The measure of His hiding from you seems to match the measure of His revelation. These ultimate trials (the experience of the night of the spirit) become even more agonizing than others, because, in addition to the absence of the Groom, the believer’s soul is overwhelmed with a deep conviction of his own wretchedness. There is distress in this, and usually – almost always – there is an accompanying persecution from men, (it seems as if it is from devils).

The Lord’s hiding from the believer’s spirit is well termed a night and a death. Your Lord is the light, and your Lord is the life of your soul. Therefore, it seems when the light goes out, the soul is in terror.

But there is another way for you to consider this thing called the dark night; and that is to realize that when light is intensely bright, it shows objects to be far more horrible and more terrifying than they were when they were in the dark.

Look upon the dark night of the spirit as a terrible revealing of the truth of what you already are. As you pass through this inexplicable experience, and when you have lost all hope of ever beholding another dawn, remember that to Him, even darkness is light. (Psalms 139:12)

 

 

INWARD & OUTWARD WOUNDS

There are wounds that are inflicted upon you at the discretion of your Lord. These are the agonies of the soul, and they are inward. But there are also ones that are without… persecution, malice, and those things inflicted by man and by the realm of darkness. There must be wounds from within and wounds from without.

We have been speaking of a dark night of the spirit, an apparent loss of the Lord’s presence. The spouse, during this time, is not occupied with self, nor with other creatures. She is, in fact, further away from being unfaithful than at any other time in her experience (though she doesn’t know/realize this).

Actually, she thinks that she has lost the presence of her well-beloved, and she continually grieves at the seemingly perpetual absence of her Lord. What she does not know is that there is, deep within her, and interior eye, which is turned toward God, and is unfailingly preserved – though she is not conscious of it.

The spouse never forgets her groom. The absence of her Lord is so all-consuming that she loses attention to herself without even realizing it. And though she feels her Lord is gone, her heart is applied toward Him. This is so totally unlike those who forced Him out of their mind so that they could return to sin without restraint.

Upon her awakening, she will learn a most valuable lesson: the sense of void, that sense of nothingness, that sense of lostness, that sense of being forsaken and abandoned by God… that powerful, ceaseless sense, which is with the interior believer day and night, awake or asleep… even this is Christ!

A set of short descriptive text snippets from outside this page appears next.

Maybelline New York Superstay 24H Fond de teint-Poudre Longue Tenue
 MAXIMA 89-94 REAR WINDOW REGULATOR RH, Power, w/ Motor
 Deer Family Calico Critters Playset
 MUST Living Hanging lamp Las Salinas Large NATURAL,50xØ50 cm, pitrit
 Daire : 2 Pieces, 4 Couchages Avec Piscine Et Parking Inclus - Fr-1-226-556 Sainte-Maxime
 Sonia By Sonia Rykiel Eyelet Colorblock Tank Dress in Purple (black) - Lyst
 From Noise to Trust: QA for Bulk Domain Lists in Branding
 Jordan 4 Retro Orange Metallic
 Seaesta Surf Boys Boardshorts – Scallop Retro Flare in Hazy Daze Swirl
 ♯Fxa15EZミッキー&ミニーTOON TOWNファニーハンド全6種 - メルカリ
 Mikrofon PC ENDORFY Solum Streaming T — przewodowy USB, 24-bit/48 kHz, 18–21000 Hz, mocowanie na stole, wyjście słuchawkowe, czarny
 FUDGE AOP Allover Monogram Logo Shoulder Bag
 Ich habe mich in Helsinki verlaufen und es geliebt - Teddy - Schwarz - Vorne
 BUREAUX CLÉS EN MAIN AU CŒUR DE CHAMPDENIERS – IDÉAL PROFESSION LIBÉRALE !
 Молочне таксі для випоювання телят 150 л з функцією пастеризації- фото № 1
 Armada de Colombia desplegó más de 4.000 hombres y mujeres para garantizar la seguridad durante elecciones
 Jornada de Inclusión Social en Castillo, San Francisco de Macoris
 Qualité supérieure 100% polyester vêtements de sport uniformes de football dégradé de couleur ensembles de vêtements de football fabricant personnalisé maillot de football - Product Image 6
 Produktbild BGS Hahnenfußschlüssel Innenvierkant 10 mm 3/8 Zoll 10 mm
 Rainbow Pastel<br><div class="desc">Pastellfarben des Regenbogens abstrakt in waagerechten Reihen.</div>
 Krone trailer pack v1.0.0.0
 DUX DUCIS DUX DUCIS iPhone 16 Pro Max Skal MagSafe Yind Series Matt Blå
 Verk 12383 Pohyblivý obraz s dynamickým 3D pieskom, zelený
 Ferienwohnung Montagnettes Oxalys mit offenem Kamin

PERSECUTION FROM 4 SOURCES

There are those who seek to serve the Lord. It is common, at the very beginning of this serving, to experience persecution of the hands of the ungodly. But the more such a Christian is persecuted, the more he seems to discover those around him who share his common interest in serving Christ.

This is not so with those who devote themselves to the interior life. They suffer persecution at the hands of the godless world, but they also receive persecution from people who live ordinary lives; and even more they suffer from pious andreligious minded men and women who are not interior.

It is the religious minded who persecute as a matter of duty! In our day and the ages proceeding us, and perhaps, in whatever years lie ahead, the pattern is the same – for people are not able to recognize any other way as right, except the one that they are walking.

 

 

THE JEALOUSY OF GOD

Yes, the Lord is jealous – but why? One reason is because there is such a small number of those who consecrate themselves to Him without any reservation. There are so few, He does not allow for a rival, for He takes little delight in divided souls.

Those who are entirely devoted to Him, He loves; and He regards them as His own peculiar property, and thus He exercises all His rights over them. (He does this without interfering with their freedom of will, for, after all, their abandonment is open, is hearty, and is perfectly voluntary.)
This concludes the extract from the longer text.